Dopo questi cinquanta anni «machiaveliani», su quali punti Machiavelli le appare diverso da come lo vedeva la critica quando ha cominciato a occuparsene?
«Machiavelli, sia che se ne studi l’evoluzione del pensiero prima delle grandi opere politiche (Il Principe e i Discorsi), sia che lo si interpreti all’interno di esse, appare come un pensatore che ha elaborato un modello politico nuovo, basato non sull’ideale, la morale, ma sull’efficienza. Da ciò che ha studiato e ha potuto constatare, solo uno Stato retto dalla Realpolitik (la politica del realismo e non dell’ideale) e difeso da un forte esercito di milizia può sopravvivere in un mondo fatto di rivalità spietate. Tuttavia Machiavelli non è un pensatore che ha solo certezze (tipo: “il fine giustifica i mezzi”) e che elabora un denso trattato scientifico: l’aspetto interessante è che lascia sempre ampio spazio al dubbio, all’incertezza, alla propria capacità di rimettere in discussione le regole politiche che ha appena formulato.
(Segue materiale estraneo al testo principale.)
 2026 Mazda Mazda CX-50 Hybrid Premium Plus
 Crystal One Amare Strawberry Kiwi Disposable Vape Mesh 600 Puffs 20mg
Machiavelli ha anche delle doti innate di narratore e di uomo di teatro. E queste qualità che si riveleranno più tardi nelle sue celebri opere teatrali come La Mandragola o nei suoi racconti, le mette già in atto nella sua attività diplomatica di gioventù, quando nelle lettere che invia a Firenze rappresenta, nei loro gesti e nelle loro parole, i personaggi illustri che incontra, che siano re, papi, principi, condottieri o prelati, come in una rappresentazione teatrale. In Machiavelli in fondo coesistono sempre due nature: da una parte quella seria, quasi tragica, perché vive in un periodo di incertezze politiche e di guerra (le guerre d’Italia con un Paese devastato dagli eserciti francesi e spagnoli) e perché cerca con il massimo impegno di definire quale potrebbe essere il migliore governo sia per Firenze, sia per qualsiasi Stato monarchico o repubblicano; e dall’altra quella burlesca, gaia, irrisoria, canzonatoria. Questo appare con evidenza nella varietà delle sue opere: i trattati politici e storici da una parte, le commedie e i racconti fantasiosi dall’altra; ma lo si vede anche nella sua corrispondenza, in cui nella stessa lettera passa da un registro all’altro. In una di esse scrive addirittura che è una prova di saggezza conoscere e sperimentare in ugual modo queste due facce del mondo e della natura umana».